ON THE WAY THERE
What are the chances of going off to buy a car suitable for all weathers all terrains and straight away finding one in your favourite colour and with the added bonus of your name, plus birth date, as the number plate?
Works for us. Perfect for an off the main highway experience, wending our way to `Otautahi Christchurch on the back roads. After turning off State Highway One at Alma, our blue car’s wheels never touched that highway again. Bliss.
Clay Cliffs, near Omarama, location for the Disney movie, Moolan, has become a very popular site – the gravel road in was humming with cars and (despite what the photo depicts) the walking track up to the cliffs, was teeming with ‘every man and his dog’ – plus a woman in gumboots.
It felt like we were all a bunch of kiwis out exploring on the last long weekend before the country opens up for tourists again and sites like this one become even more crowded.
An honesty box system at the gate asks for $5. We did by chance happen to have $5 in cash – more by good luck than good management.
We took a leisurely drive through the Waitaki basin and MacKenzie country, stopping to take photos, make a sandwich, grab a takeaway coffee, look at clay cliffs and impressive rivers and mountains.
We were all impressed all over again by Waitaha Canterbury’s swift rivers powering through ravines, before fanning out into the wide, braided rivers this part of the country is famous for. Everywhere we turned, we were struck by the beauty of the whenua and the wide light of the sky.
The motel where we spent the night shall remain nameless. Designed for utility within an inch of its life, it definitely had some shortcomings. Where do we wash the dishes? In that little yellow bowl found only by chance under the handbasin? You’ve got to be kidding me.
Sure, the unit was cute with its white walls and red-poppy cushions. And it was comfortable, modern and clean. As long as two-minute noodles heated in the microwave is all you’re having for dinner, then it works fine. And ditto if you’re ok using the shower’s nozzle to fill the electric jug.
ON THE WAY BACK
After catching up with whanau / family in `Otautahi Christchurch, we were still keen to keep off State Highway One and follow our tracks back through MacKenzie Country and the Waitaki basin. At Lake Pukaki there it was – Aoraki Mount Cook Aotearoa’s highest mountain at sunset, the last rays of the sun catching the peak.

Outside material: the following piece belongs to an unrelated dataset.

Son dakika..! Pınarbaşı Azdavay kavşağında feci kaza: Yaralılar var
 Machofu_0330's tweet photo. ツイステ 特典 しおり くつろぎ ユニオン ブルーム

On to Omarama – place of light – where as we approached, said light was fast fading into dusk. This time our choice of overnight accommodation proved more to our taste. We stayed at the Top Ten camping ground in a self-contained, de luxe cabin. Couldn’t fault it. Five stars. Recommend.
In the morning, still keeping off Highway One, we travelled back through the Waitaki valley, past the dams, on to Oamaru to catch up with whanau.
Mid-afternoon we headed back inland, turning off at Maheno and heading towards Danseys Pass.
Our car’s handling of the corrugated and sloping conditions, did not disappoint. Neither did the scenery.
We dropped down from the pass into the town of Naseby. One of my favourite places in the world. However, we needed to get home before midnight, so had to bid Naseby a regretful, ‘Sorry we can’t stay, but we’ll be back. And that’s a promise.’
A quick detour to Capburn Bridge, near Hyde, in the Maniototo. This bridge holds memories for me of a family camping trip, back in the 1960’s. Comforting to find the white bridge still there.
Memories crowded in of the nine of us standing on this bridge, me facing forward taking the photo with the box brownie camera.
This was a like a quick glimpse into the past through the rear view mirror.
But it was time now to get back on the road again and head for home.